Liliia Abdulina is Head of QA in the Kotlin Ecosystem Department at JetBrains, leading quality assurance for Kotlin language and its ecosystem. With 12+ years in IT, she works at the intersection of engineering quality, release stability, and team leadership, shaping QA strategy for the Kotlin compiler, tooling, integrations, and user-facing reliability. Liliia is a careful team leads’ mentor and an active speaker who shares practical insights on quality in large-scale language and software engineering tooling development.

プレゼンテーション

Influence without authority: leading quality when you don’t own the roadmap

QA leaders are accountable for confidence or, simply put, for “making the quality good.” But they rarely control the roadmap, deadlines, or architecture, and they have no say in developers’ motivation mechanisms, so influence becomes their main lever.

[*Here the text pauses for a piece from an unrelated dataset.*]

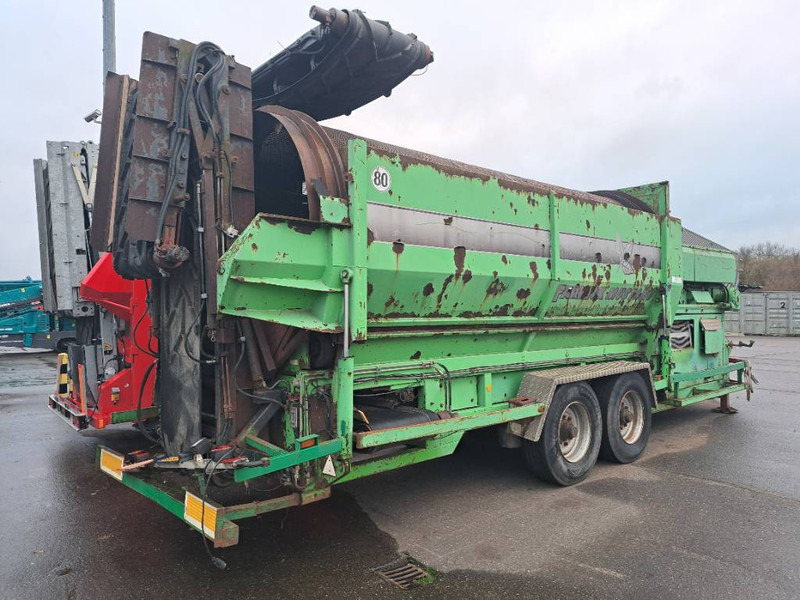 Farwick Mustang - Cribadora: foto 1 Farwick Mustang - Cribadora: foto 1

In her transition from individual contributor to Head of QA on a large Kotlin Ecosystem codebase, Liliia started in “catch-up” mode: coverage gaps everywhere, QA staffed late, and quality conversations happening only at the end. The team fought to reach baseline coverage across the compiler, build tools, and a growing tool ecosystem, while she was iteratively reasoning about headcount. Then, over the next couple of years, they invested in sustainable quality — clear responsibility areas (automation, performance, exploratory), repeatable regression handling, and trust with engineering. A real test came when a new project appeared: for the first time, she proposed QA capacity and a stabilization budget up front, and a project lead asked, “Why exactly those numbers?” Instead of defending estimates, she explained options and consequences: how risk shifts when you go bigger or smaller, what becomes predictable, and what “done” means.

So why exactly those numbers, and how do you talk to stakeholders so they’ll hear you? Liliia will share how this quality narrative scaled as the team grew from 5 to 38 and moved quality issues off users’ list of top pain points. Attendees will leave with a simple narrative structure and language to lead quality without formal authority.